The experience I have has helped me tremendously to navigate the challenges the country has been going through. I am not new to the Bank – I was here before as deputy governor. When I rejoined, the situation was quite tough. The economy was under severe pressure, largely because of the prices of copper and other commodities fell in 2015. Our situation was made more difficult because there was a massive expansion in infrastructure going on with the expectation that there would be a lot of revenue coming in. The result was a huge depreciation in the exchange rate. We couldn’t deal with this through the supply side – that takes time to react. The only avenue we had was to try to restrain the demand side. While we were grappling with this, the electricity supply was also under stress. We depend heavily on hydropower; so when water levels came down, production of electricity was adversely affected. So, we tightened monetary policy quite strongly, particularly in November 2015, and that restrained the demand side. It wasn’t palatable, but we did our best to explain why we were doing what we were doing. Inflation peaked in February 2016 at 22.9 per cent, but we were confident with what we were seeing on a monthly basis that things were going to change. The challenge was to convince other players why this was happening. We continued tightening monetary policy until February of this year. We reached a point where things calmed down: the price of copper started to come up; the rains were above normal and agriculture output also improved. That’s what some of the growth we are seeing now is driven by: agriculture, energy and a bit of manufacturing. We are now at the stage where things look much brighter.

 

One of the reasons for this brighter outlook may be the strengthening of economic confidence as reflected by the participation of foreign investors in the government securities market. In what ways is the perception of Zambia a crucial factor for drawing in more foreign direct investment?

We are quite integrated into the international economy now, partly because we have gone in to tap the financial markets globally. We have had three issuances of Government Eurobonds. There is a lot of interest in what is happening here at home and we have had many enquiries from institutional investors. We are going to the annual meetings of the IMF and World Bank, and a lot of investors like to have conversations about what is happening here because they have a direct interest in their investment through the Eurobonds. We are no longer a peripheral country. On the other hand, we have the ratings agencies: they are constantly here and issuing reports, which are paid close attention to. So perception is important. The risks that are attributed to Zambia often have to do with perception. If one was to assess what the perceived risk is and what the actual risk is, the gap is huge. For those looking at medium to long term, the opportunities are huge because we have unexploited potential in all key areas: mining, agriculture, energy and tourism. Last April when I went to Washington for the IMF-World Bank Spring Meetings, one of the investors was saying that one of the interesting things now about emerging economies, including that of Zambia, was that the risk-return was much clearer than in other places. It’s a question of having that eagerness to invest.

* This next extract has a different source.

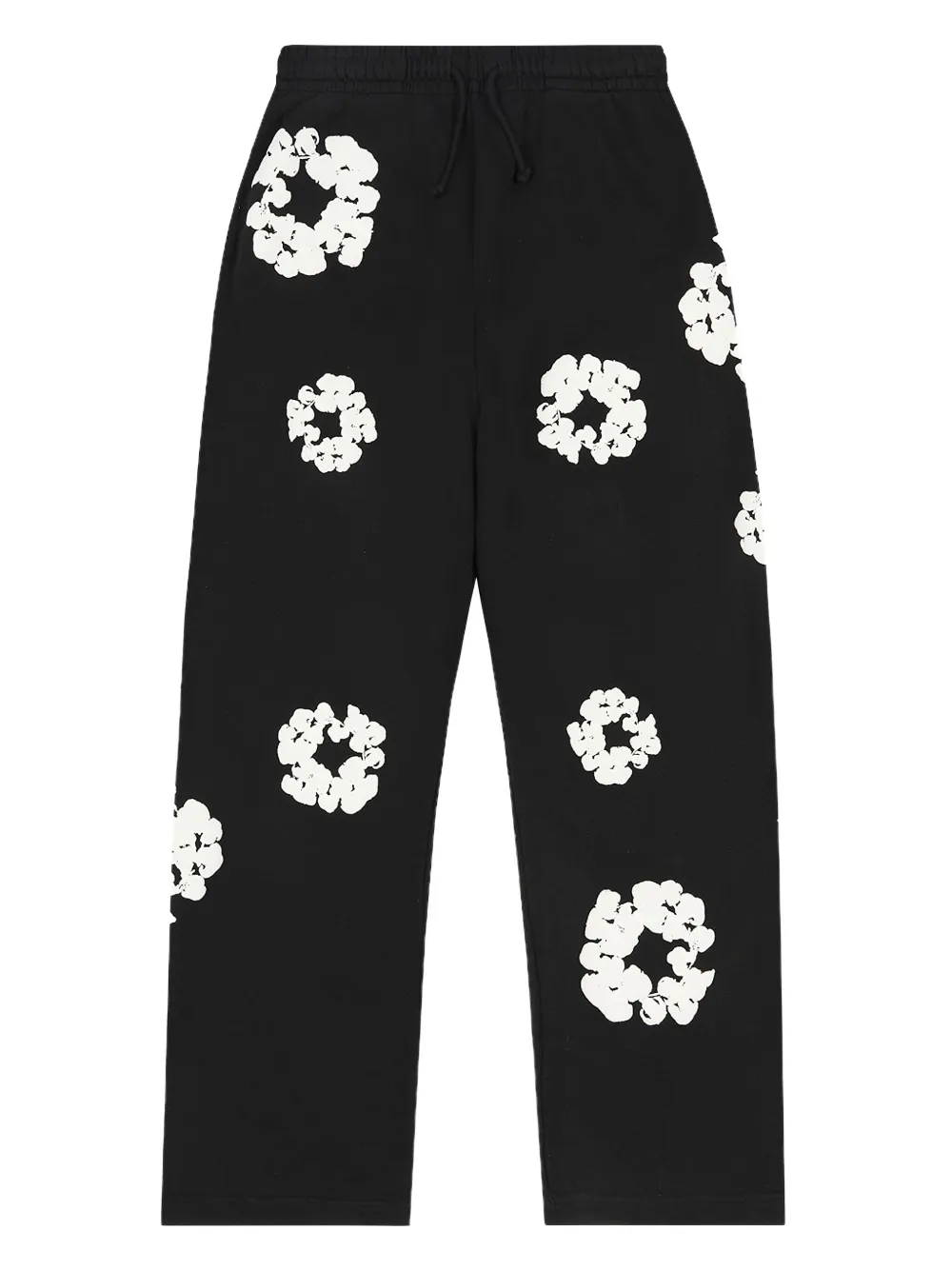 Denim Tears リースプリント トラックパンツ - ブラック Denim Tears リースプリント トラックパンツ - ブラック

“If one was to assess what the perceived risk of investing is and what the actual risk is, the gap is huge”

The UK is among the top five economies investing in Uganda, Zambia, Botswana and Nigeria. Out of these nations, UK FDI makes up the highest percentage of GDP in Zambia. How important would you say British investment is in Zambia?

There is one little-known fact about our relationship: the Department of International Development (DFID) was the entity that sponsored our first sovereign ratings. The oldest bank here has British origins – Standard Chartered – which started in 1906. The roots are very deep. The UK has helped the country in a number of ways and more can be done to strengthen this relationship. There’s a lot that can be harnessed and now there’s the question of whether they will engage more following Brexit.

 

When the Lord Mayor of London visited Zambia in September, he said London was the world’s leading financial services and fintech hub. Zambia is also focusing on innovating within its financial services industry. Do you see opportunities for increased knowledge sharing or cooperation in finance between the two countries?

Definitely. We are stepping up our financial sector reforms and we really want to step up in fintech. Already, we have digitised many of our services. There are still some issues in terms of cost, but we are confident these will be overcome. We run the payment system from the central bank. We think that’s the avenue that will give us more penetration and make us more inclusive. Financial inclusion is one of our strategic objectives, so linking up with those who have the knowhow is something we are always seeking to do.

 

Could you delineate your strategy for improving financial inclusion. Why is it so important to Zambia’s regional development goals?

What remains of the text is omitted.